**Dataset excerpt**
☆ ☆ ☆ ☆ ☆ ☆ ☆

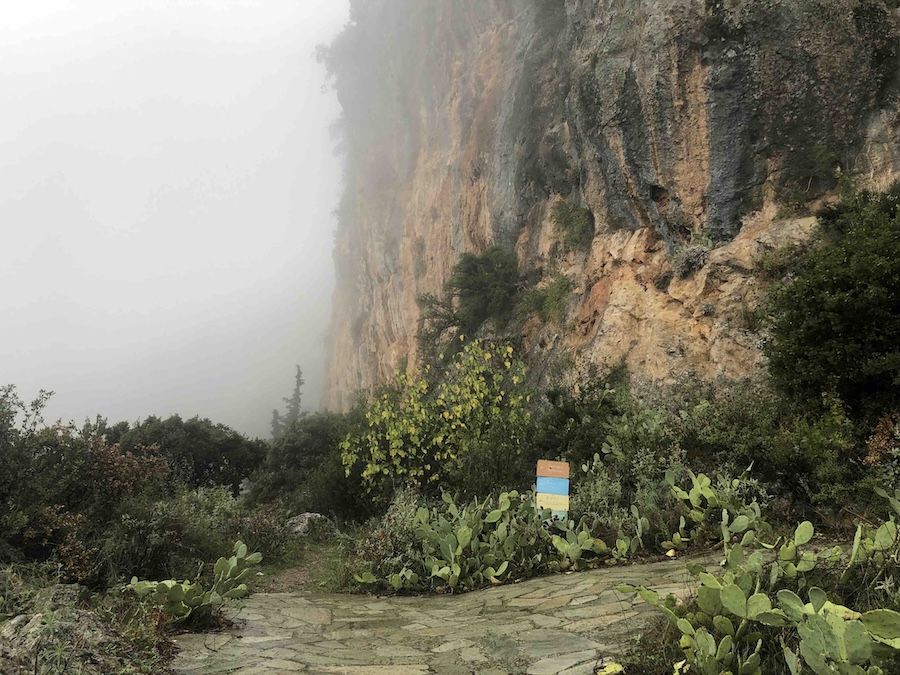 path beneath cliff with mist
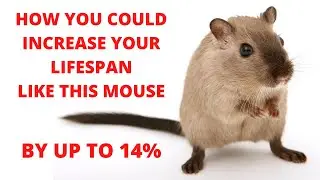 Intermittent Fasting Increases Lifespan in Mice By 14%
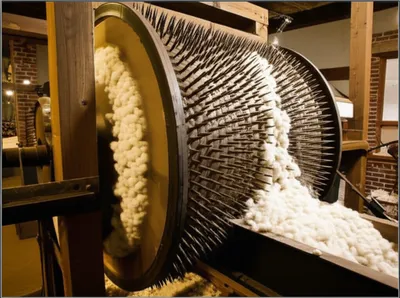 Illustration willow - Image 1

☆ ☆ ☆ ☆ ☆ ☆ ☆

**Required work**
Restate the whole listing word for word. Omit the pictures.

**Answer section**
 path beneath cliff with mist
 Intermittent Fasting Increases Lifespan in Mice By 14%
 Illustration willow - Image 1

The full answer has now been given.